Por Rafael Rojas Colorado

Dios formó su Iglesia en el desierto, ese inhóspito y extremoso lugar. Apartado de las grandes civilizaciones convoca a un grupo de pastores; en ellos converge la confianza y la fe y les responsabiliza para cumplir una misión: profetizar su divino mensaje a toda su descendencia.

A través de ese grupo de nómadas del desierto difunde su mensaje a todas las naciones del mundo. Aunque de diversas culturas, el lenguaje de la espiritualidad es un solo idioma que persuade y graba en el alma humana las huellas de sus alianzas. Las que pactó con Abraham, más tarde con Jacob, a quien prometió el esplendor de una gran nación.

Siglos posteriores el Monte Sinaí se convierte en un sagrado escenario donde Moisés recibe de Dios los mandamientos que regirán a un pueblo que estaba perdiendo la confianza. Tiempo después reafirma su promesa con la sangre y resurrección de su Hijo unigénito, quien a través de la muerte desciende a los infiernos para expiar los pecados cometidos hasta entonces por quienes abandonaron el desierto para transitar por senderos pecaminosos.

El desierto es un mar de soledad y de silencios donde el perfume del aire despierta el silencio que se va acentuando en esa voz de la que mana la inteligencia y profetiza el amor para solidarizar la hermandad en la humanidad; es ese destello que refleja la sangre derramada en la cruz por Jesús y se transforma en su Evangelio, en esa Palabra revestida de lo sagrado que posee el ejemplo más sublime del amor al prójimo.
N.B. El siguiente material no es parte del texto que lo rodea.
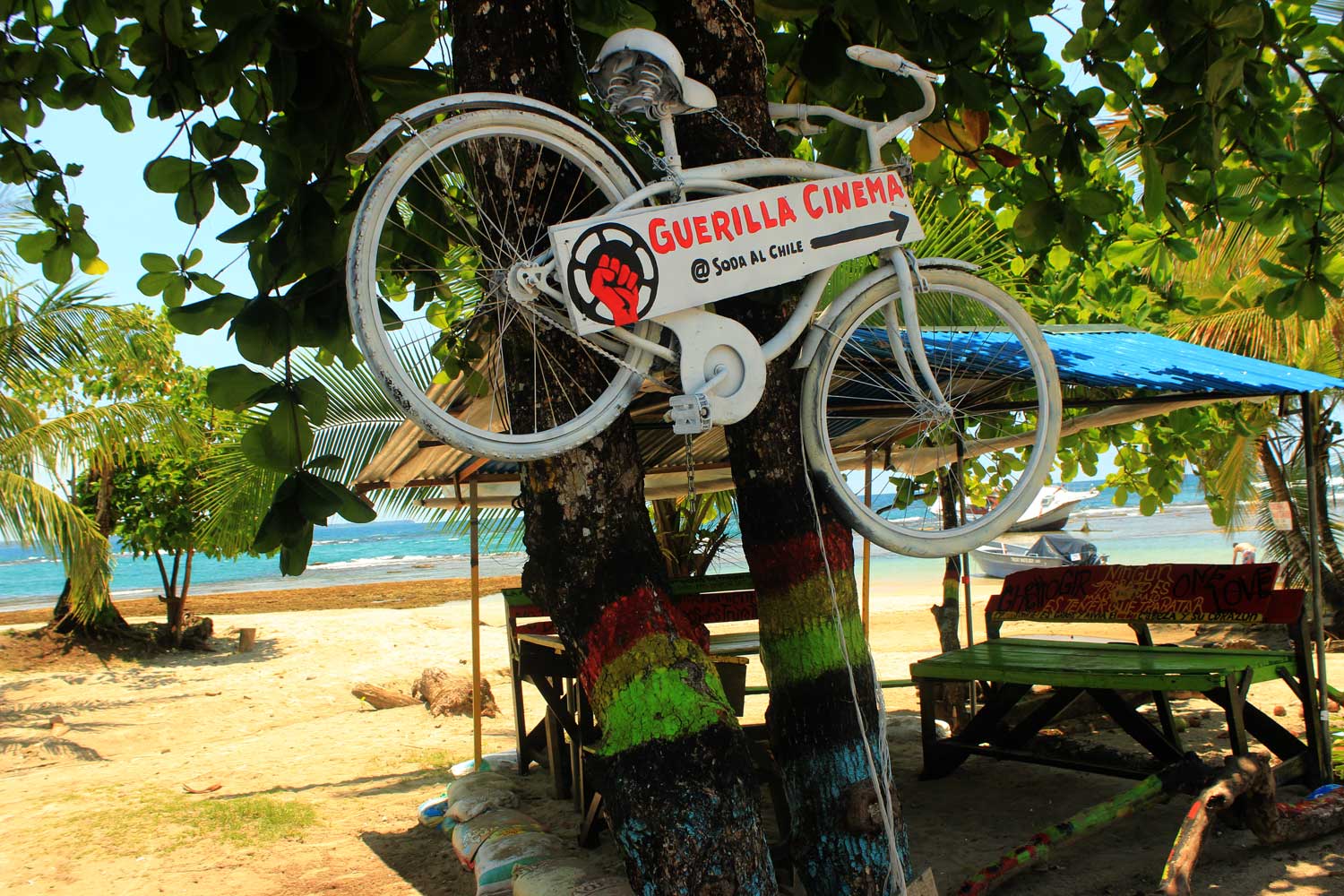 Guerilla Cinema Bike Cahuita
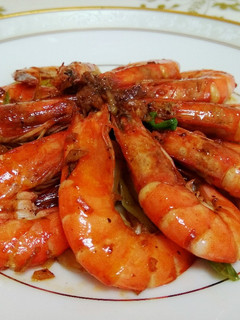 蒜香奶油胡椒蝦 的食譜成品照片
El desierto es un viaje al interior humano, un paisaje árido de rocas y arenas que posee una luz que ilumina los silencios más profundos del alma. El desierto es la cuna que arrulla la fe de un pueblo que creyó y obedeció esa voz que en los profundos abismos del silencio de ese arenoso mar le señaló el camino que le conduciría a un pleno encuentro con Dios.